##### Data in this exercise #####

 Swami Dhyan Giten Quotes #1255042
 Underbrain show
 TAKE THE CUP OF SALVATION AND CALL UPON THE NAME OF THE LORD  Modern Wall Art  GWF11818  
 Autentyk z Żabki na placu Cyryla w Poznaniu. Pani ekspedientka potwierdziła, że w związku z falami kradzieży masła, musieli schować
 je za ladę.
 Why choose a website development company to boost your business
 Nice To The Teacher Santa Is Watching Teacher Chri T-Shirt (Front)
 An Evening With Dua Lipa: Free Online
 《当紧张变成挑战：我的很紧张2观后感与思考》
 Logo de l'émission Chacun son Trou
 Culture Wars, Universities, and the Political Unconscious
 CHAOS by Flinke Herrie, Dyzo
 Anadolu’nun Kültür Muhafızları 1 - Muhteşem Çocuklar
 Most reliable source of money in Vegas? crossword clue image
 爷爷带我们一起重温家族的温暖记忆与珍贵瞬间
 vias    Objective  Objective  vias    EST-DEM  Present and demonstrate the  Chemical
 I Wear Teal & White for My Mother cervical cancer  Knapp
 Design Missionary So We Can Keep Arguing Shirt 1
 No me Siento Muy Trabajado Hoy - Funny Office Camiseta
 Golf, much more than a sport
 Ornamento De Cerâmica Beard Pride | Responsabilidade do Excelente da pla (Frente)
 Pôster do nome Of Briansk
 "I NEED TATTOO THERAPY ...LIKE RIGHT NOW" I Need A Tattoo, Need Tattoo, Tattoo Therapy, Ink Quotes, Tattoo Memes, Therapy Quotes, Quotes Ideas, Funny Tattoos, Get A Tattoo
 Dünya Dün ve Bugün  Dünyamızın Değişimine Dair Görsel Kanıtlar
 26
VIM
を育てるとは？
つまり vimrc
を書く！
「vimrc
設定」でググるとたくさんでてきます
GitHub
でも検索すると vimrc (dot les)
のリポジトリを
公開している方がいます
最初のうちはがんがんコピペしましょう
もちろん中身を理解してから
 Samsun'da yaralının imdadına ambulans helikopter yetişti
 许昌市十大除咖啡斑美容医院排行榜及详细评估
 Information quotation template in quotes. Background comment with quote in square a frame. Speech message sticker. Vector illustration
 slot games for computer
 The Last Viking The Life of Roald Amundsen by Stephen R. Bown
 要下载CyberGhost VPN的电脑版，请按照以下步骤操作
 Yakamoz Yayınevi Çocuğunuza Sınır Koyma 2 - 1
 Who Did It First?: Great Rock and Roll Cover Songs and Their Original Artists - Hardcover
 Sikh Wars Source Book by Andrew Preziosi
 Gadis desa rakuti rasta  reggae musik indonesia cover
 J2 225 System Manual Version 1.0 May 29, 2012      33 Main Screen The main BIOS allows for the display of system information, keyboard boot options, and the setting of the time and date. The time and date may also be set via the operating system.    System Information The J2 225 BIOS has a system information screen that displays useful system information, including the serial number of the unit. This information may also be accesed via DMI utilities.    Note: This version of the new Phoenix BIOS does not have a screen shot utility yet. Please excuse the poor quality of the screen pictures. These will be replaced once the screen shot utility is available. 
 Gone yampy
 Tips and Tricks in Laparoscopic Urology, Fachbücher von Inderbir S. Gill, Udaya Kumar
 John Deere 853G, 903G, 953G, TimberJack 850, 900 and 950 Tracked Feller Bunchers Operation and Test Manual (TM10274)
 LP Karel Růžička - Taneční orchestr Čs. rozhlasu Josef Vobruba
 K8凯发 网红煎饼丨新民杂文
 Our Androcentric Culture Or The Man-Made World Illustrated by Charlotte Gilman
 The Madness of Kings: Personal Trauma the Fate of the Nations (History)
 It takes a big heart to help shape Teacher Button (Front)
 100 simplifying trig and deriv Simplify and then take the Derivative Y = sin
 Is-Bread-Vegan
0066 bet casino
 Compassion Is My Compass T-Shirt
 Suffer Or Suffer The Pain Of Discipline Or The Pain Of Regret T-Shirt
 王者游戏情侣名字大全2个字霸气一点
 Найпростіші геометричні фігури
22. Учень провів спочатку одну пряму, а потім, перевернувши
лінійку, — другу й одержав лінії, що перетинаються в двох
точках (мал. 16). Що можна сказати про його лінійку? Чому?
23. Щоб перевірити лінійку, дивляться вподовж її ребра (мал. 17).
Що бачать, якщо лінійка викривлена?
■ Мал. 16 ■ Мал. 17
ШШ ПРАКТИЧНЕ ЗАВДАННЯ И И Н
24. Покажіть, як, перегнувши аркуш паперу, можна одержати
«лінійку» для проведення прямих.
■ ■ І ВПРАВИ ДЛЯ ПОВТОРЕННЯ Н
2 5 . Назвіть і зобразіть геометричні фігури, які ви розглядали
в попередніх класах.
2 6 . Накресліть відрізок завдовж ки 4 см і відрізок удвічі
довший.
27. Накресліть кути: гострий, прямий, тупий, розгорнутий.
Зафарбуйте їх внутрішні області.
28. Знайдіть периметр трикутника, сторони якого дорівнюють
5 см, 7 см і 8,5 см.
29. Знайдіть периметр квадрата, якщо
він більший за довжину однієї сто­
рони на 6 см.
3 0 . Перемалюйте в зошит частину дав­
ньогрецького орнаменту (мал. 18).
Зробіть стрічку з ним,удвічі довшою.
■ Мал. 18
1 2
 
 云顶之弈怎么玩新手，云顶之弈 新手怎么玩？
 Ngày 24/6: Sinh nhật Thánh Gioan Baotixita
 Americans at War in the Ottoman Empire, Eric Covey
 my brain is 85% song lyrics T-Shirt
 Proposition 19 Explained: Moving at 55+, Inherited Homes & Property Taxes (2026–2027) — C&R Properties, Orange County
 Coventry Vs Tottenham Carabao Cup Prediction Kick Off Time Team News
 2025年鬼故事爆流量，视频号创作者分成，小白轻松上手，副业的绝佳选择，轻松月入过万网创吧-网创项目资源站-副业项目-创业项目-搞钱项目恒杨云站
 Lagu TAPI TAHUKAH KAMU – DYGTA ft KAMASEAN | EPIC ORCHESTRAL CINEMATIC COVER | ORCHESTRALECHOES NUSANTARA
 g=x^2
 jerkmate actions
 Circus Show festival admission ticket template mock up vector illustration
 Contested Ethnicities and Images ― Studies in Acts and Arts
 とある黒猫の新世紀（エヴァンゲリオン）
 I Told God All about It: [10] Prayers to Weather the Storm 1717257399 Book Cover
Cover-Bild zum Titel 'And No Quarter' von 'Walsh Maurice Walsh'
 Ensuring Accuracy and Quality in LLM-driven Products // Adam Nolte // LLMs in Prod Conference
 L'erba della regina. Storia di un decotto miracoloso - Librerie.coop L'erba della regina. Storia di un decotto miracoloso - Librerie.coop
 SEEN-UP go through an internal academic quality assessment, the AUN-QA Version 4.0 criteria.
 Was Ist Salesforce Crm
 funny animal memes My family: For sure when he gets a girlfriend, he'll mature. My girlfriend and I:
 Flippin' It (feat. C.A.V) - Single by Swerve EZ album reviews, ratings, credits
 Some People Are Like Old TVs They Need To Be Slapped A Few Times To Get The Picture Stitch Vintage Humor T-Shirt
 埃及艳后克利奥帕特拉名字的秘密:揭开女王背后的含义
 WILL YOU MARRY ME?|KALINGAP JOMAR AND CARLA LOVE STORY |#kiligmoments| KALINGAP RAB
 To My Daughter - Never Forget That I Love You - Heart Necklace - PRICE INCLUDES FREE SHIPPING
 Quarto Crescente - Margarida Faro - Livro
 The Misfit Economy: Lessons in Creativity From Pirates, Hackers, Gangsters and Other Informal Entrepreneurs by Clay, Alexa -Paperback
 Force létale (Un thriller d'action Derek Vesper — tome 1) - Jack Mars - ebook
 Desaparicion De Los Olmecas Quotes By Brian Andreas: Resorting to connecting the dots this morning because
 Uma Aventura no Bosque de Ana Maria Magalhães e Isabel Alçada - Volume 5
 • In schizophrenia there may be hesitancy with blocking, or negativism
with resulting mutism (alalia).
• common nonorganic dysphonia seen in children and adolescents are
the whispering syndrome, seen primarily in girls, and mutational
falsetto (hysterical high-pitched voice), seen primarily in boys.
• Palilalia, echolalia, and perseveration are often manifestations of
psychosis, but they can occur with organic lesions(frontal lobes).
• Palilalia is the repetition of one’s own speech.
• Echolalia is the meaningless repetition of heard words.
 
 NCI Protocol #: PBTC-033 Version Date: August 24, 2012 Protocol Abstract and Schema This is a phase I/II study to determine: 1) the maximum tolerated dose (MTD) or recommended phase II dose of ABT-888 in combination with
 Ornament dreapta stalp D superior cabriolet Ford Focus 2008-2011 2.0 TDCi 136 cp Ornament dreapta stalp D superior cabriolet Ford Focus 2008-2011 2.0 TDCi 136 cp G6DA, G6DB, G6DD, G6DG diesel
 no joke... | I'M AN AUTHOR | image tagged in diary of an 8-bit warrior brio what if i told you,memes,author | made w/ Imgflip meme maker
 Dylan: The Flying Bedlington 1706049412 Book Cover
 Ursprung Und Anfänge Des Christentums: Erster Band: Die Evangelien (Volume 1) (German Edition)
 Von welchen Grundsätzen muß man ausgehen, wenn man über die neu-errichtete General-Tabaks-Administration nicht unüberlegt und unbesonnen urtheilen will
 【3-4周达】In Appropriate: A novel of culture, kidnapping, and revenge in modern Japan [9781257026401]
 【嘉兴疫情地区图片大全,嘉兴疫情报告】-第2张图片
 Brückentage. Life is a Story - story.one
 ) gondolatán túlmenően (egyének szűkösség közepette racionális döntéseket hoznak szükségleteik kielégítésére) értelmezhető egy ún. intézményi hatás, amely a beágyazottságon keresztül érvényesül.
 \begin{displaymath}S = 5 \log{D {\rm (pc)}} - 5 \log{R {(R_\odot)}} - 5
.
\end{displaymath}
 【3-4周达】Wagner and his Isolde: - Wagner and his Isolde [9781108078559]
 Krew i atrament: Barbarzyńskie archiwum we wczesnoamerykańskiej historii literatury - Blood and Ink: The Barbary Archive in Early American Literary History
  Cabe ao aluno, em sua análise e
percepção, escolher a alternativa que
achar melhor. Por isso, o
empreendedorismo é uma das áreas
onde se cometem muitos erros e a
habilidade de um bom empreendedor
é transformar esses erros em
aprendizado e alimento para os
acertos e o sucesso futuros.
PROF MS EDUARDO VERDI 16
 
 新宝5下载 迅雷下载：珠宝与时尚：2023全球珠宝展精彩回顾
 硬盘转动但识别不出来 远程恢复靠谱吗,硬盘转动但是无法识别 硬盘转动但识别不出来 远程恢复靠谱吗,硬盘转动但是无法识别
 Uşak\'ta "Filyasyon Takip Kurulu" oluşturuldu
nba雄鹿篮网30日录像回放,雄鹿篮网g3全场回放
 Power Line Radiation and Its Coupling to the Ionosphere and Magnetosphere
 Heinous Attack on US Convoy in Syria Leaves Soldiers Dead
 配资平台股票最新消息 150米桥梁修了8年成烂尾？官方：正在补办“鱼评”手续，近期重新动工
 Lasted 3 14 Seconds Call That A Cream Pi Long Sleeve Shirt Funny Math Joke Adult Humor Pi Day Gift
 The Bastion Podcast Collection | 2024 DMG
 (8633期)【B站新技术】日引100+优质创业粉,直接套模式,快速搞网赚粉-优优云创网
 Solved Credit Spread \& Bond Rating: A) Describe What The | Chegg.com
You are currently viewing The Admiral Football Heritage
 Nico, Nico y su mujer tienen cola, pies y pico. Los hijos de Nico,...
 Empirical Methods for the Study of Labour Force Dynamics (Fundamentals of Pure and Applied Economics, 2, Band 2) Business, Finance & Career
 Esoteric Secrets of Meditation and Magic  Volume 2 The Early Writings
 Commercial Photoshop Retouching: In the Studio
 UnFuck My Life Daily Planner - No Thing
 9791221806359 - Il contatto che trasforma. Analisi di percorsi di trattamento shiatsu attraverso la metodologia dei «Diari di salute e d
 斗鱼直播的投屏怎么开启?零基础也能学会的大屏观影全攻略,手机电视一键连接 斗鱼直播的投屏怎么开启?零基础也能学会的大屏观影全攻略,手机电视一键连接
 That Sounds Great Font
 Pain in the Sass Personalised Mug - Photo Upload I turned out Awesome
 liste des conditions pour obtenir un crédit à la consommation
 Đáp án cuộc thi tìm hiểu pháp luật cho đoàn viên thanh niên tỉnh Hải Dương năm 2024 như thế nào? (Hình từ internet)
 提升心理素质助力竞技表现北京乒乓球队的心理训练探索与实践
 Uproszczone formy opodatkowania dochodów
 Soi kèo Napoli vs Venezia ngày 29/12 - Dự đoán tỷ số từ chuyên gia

#####

Exercise objective: Looking at the entries above, count each line in which the word "удвічі" occurs, then give the total and nothing further.

Response below: 2